Let’s discuss mortgage options in today’s financial climate. Some of you are thinking, I need to pay my mortgage down as quickly as possible while I still have a job. Others are thinking, my home is paid off or I have a small mortgage and lost my job, can I get money out of my home without selling it?
These are great questions.
Let’s start with those wanting to pay their mortgage off faster than 30 years. There are a number of programs out there that will allow you to pay off your mortgage early. Some of those programs require a set up fee and a loan modification to work. I see no reason for you to pay for something you can do for free.
First things first. Does your mortgage have a pre-payment clause? If you are not sure, check the documents you received at closing. Most mortgages do not have such a clause, however, its best to confirm that for yourself.
Next thing you need to do is to get a copy of the amortization schedule for your loan. This document lists every payment and shows the amount of your payment that goes to pay principal and the amount that is going to pay interest.
I will show you a part of an amortization schedule to illustrate this next point. I am assuming a $100,000 mortgage at 6% for 30 years.
In english this means you borrowed $100,000 from the bank to buy your house and agreed to pay that amount back in 30 years. You also agreed to pay interest of 6% to compensate the bank for loaning the money to you.
You can create an amortization schedule for yourself by going to http://realestate.yahoo.com/calculators/amortization.html
Month Beginning Balance Interest Payment Ending Balance
1 $100000 $500 $600 $99900
2 99900 500 600 99800
3 99800 499 600 99700
4 99700 498 600 99599
…..
24 97580 488 600 97468
25 97468 487 600 97356
26 97356 487 600 97243
27 97243 486 600 97130
As we can see when we reach month 24 (2years after you first took out the mortgage) you have only paid off $2,420 in principal. There is still $97,580 left to pay bank to the bank. You can also see that eventhough you have been sending $600 to the bank only $100 has been applied to the principal payment, the rest is going towards interest payments.
You also notice as you get ready to write your check to make your 24th payment that $112 is going towards principal and $113 is going towards principal with your 25th payment. Instead of writing your check for $600 you decide to write a check for $713.

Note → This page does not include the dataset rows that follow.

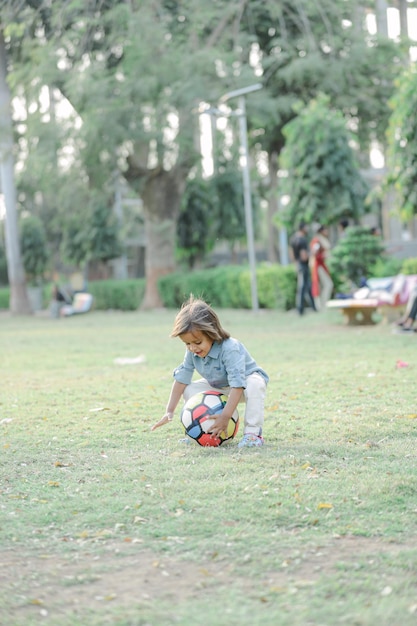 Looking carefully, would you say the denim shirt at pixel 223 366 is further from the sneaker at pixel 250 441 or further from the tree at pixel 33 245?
the tree at pixel 33 245

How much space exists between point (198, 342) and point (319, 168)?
1945 cm

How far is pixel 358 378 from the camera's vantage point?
10211mm

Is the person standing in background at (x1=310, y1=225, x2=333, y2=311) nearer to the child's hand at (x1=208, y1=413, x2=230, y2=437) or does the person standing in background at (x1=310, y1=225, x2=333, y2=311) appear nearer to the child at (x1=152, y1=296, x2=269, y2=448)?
the child at (x1=152, y1=296, x2=269, y2=448)

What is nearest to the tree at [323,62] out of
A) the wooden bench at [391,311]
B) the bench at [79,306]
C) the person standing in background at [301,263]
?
the person standing in background at [301,263]

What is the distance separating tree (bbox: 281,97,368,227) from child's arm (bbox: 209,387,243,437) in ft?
62.2

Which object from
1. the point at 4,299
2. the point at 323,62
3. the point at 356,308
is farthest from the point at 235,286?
the point at 4,299

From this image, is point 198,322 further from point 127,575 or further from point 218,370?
point 127,575

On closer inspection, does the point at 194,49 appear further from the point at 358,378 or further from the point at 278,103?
the point at 358,378

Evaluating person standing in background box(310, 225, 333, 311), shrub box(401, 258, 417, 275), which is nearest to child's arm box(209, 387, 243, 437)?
person standing in background box(310, 225, 333, 311)

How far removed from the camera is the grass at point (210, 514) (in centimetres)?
353

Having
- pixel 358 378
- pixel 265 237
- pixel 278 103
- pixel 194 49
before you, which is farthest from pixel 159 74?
pixel 265 237

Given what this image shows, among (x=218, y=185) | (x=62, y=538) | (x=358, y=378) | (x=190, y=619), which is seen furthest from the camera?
(x=218, y=185)

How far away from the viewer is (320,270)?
69.4 ft

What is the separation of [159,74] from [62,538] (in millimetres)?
23563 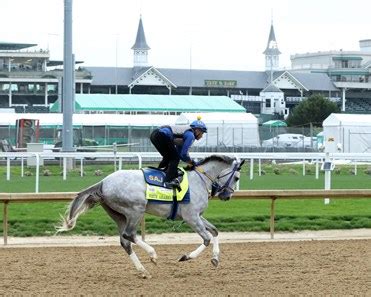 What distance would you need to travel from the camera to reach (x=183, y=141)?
11.7 m

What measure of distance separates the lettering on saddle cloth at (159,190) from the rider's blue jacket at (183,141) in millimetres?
315

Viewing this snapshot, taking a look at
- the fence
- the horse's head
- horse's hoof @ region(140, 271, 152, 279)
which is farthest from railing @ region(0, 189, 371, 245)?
the fence

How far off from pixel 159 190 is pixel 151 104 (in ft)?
202

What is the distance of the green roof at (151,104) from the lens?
2756 inches

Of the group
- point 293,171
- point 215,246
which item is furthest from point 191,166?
point 293,171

You find that making that additional principal payment, you have eliminated $487 in interest and have jumped from payment 24 to 26. This also decreases the amount of time required to pay the loan back by 1 month. Each month you can do this will decrease your interest paid, and the length of time you have to pay the mortgage.
The advantage to using the numbers from the amortization schedule is you know exactly how many months you have cut off your mortgage and can get a confirmation from the bank as well. When you pay off different amounts it is harder for you to prove that the bank has applied the extra payments to principal first which is what you wanted them to do.

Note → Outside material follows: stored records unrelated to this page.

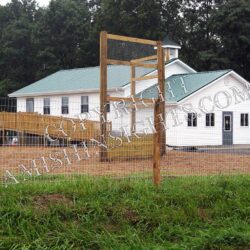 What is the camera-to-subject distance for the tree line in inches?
1966

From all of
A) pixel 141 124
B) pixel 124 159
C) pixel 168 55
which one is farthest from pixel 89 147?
pixel 168 55

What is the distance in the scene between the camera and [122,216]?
7.78m

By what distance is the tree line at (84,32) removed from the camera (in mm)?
49938

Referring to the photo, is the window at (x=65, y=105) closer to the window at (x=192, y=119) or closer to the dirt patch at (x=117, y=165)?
the window at (x=192, y=119)

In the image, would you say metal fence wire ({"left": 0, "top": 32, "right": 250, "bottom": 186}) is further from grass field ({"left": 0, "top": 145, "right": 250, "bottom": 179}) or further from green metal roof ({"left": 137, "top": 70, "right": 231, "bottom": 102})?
green metal roof ({"left": 137, "top": 70, "right": 231, "bottom": 102})

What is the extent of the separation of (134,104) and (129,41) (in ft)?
6.72

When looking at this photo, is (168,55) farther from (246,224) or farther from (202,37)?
(246,224)

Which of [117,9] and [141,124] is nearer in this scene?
[141,124]

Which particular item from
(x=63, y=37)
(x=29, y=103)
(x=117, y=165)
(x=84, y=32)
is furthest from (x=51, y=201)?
(x=84, y=32)

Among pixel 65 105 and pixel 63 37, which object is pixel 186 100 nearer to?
pixel 65 105

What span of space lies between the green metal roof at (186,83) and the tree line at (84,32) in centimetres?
1405

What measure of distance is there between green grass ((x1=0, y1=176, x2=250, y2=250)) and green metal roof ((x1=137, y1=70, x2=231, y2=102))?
19.8 metres

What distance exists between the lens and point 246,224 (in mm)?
8008

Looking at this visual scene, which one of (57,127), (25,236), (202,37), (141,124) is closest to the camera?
(25,236) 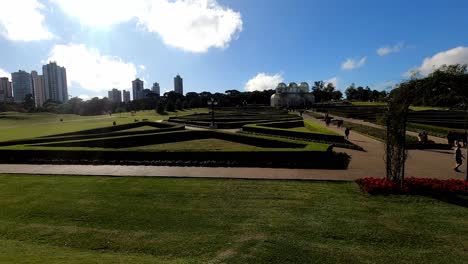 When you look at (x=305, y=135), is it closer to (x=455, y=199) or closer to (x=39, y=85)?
(x=455, y=199)

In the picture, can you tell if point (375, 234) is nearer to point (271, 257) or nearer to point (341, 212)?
point (341, 212)

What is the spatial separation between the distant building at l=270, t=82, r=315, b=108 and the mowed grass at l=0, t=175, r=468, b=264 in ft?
288

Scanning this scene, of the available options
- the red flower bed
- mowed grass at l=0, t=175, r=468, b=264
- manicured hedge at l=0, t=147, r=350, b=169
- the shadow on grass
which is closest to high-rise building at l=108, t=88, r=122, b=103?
manicured hedge at l=0, t=147, r=350, b=169

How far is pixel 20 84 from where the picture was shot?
150 m

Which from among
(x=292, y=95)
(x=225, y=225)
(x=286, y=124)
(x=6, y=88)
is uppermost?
(x=6, y=88)

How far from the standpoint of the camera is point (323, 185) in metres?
10.4

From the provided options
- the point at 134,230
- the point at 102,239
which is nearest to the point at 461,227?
the point at 134,230

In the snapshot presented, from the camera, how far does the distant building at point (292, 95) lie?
9698cm

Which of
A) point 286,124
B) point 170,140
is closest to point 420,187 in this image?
point 170,140

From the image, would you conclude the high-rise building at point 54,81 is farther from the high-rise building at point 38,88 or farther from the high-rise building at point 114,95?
the high-rise building at point 114,95

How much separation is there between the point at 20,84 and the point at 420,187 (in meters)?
178

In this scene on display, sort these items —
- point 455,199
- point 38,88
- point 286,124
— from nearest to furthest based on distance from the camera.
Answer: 1. point 455,199
2. point 286,124
3. point 38,88

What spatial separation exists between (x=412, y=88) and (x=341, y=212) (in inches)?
189

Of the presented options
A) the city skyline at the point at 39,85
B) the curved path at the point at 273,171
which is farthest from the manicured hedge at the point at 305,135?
the city skyline at the point at 39,85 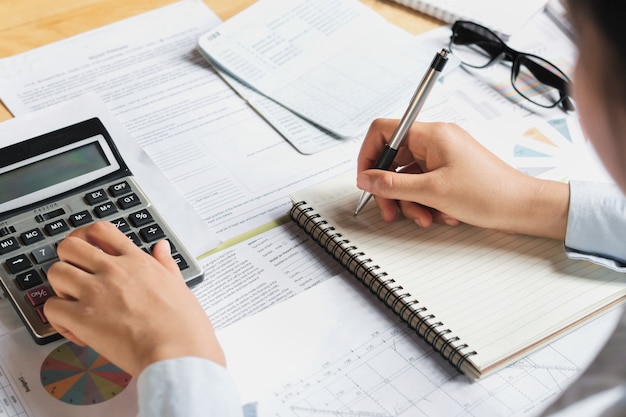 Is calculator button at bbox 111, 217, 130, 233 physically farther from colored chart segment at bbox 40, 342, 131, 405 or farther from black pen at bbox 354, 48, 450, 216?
black pen at bbox 354, 48, 450, 216

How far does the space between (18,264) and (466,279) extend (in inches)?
14.9

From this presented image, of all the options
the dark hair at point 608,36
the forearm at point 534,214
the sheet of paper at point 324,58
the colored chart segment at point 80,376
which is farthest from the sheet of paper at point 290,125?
the dark hair at point 608,36

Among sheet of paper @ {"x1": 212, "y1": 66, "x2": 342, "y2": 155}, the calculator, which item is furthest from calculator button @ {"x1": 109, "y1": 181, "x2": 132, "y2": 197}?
sheet of paper @ {"x1": 212, "y1": 66, "x2": 342, "y2": 155}

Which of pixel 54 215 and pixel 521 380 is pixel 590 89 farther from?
pixel 54 215

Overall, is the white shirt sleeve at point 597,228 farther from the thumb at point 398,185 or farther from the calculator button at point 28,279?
the calculator button at point 28,279

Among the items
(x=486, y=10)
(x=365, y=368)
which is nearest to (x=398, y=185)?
(x=365, y=368)

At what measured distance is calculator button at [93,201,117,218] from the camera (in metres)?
0.64

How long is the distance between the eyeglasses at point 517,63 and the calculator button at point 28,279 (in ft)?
1.94

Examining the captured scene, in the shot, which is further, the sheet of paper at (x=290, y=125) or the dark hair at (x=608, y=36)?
the sheet of paper at (x=290, y=125)

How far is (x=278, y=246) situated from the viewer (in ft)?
2.25

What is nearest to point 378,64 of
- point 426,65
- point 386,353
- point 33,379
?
point 426,65

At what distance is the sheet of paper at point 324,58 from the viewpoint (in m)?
0.85

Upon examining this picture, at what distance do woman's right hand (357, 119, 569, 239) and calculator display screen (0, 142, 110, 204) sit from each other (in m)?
0.25

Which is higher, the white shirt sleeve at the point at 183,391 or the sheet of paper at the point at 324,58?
the sheet of paper at the point at 324,58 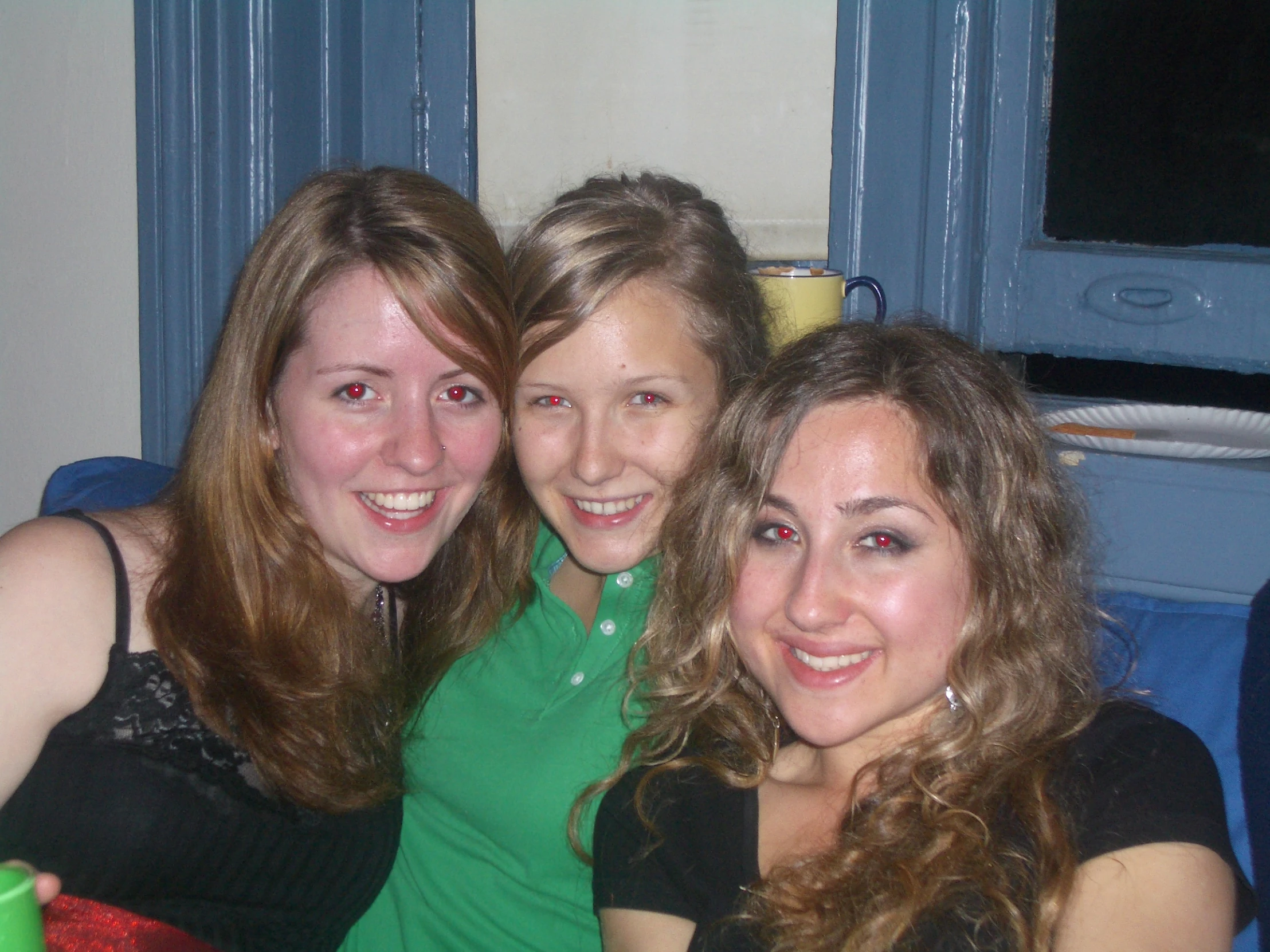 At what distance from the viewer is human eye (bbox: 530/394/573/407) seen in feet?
4.58

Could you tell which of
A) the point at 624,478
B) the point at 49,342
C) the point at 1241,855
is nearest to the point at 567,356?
the point at 624,478

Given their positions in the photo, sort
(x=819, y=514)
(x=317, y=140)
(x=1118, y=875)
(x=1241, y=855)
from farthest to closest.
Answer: (x=317, y=140) → (x=1241, y=855) → (x=819, y=514) → (x=1118, y=875)

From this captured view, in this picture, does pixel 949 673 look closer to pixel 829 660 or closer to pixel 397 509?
pixel 829 660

Another popular mortgage acceleration program is the bi-weekly mortgage payment. What this program does is take your normal monthly mortgage payment, cut it in 1/2 and have you send that amount every 2 weeks to a processing center. How this works is there are 52 weeks in a year and by sending the mortgage payment every 2 weeks you have made 13 full mortgage payments by the end of the year. This program often has high fees associated with it and often does not pay off your mortgage as quickly as the extra principal payment approach. It is also harder for you to figure out where you are in the cycle and more importantly unlike the extra principal payment approach, it is difficult to change back should you be unable to continue making the extra payment.
Finally, Heloc or home equity line of credit. This is not a mortgage reduction program, this is a way to get money out of your home should it be paid for or almost paid for. This may be a way for you to make ends meet while you are underemployed. The caveat to using a Heloc to pay current expenses is that you could lose your home should you be unable to keep up payments on the home equity loan.